To be able to have genetic progeny, is the critical ingredient for evolution. IVF comes in right here, with regard to infertile couples.
No, that's not the whole question. In fact, the way you state it is tendentious, as if we shared an underlying assumption that infertile people possess a "right" to create laboratory progeny. It's like the homosexual activists saying that the state of Tennessee denies the "right" to gay marriage, or the socialists claiming the state is denying the "human right" of universal health insurance.
Marriage is one thing. Reproduction is an entirely different thing. One entity here does not require the other. One entity here is man-made, while the other is innate among all living species.
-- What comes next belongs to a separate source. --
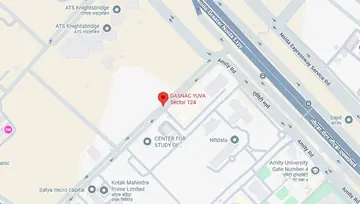 Location of Dasnac Yuva - Image 304607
One entity here is not bothered by man-made laws. That entity isn't marriage.
Surely you and I must agree that the means must be moral as well as the end. For instance, genetic progeny can be, and are, gotten by many objectionable means, including rape, concubinage, surrogacy, fornication with a minor, prostitution, etc. We would concur (I suppose) that therefore it is reasonable to agree with the end, but not with the means.
I am convinced that IVF in an objectionable means. And why? Because, I would argue, a child has a natural right to be conceived in the loving embrace of his married parents, and any choice which deliberately deprives him of this natural and honorable beginning, does him dishonor.
It's a matter of respecting the child's natural birthright.
And because,secondly, human society itself ought to take carefully-considered and reasonable steps to curb human progeny from any form of abuse. That could include (notice I said "could" include) a public policy of discouraging abortion, sexual intercourse outside of marriage, IVF and human experimentation involving embryos, as well as encouraging marriage and the therapies needed to help married couples achieve their desired fertility.
You have not mentioned the moral and legal implications of the Tennssee Frozen Human Embryo case, which I cited twice. This case illustrates the one offensive public corollary of IFV: the commoditization of offspring.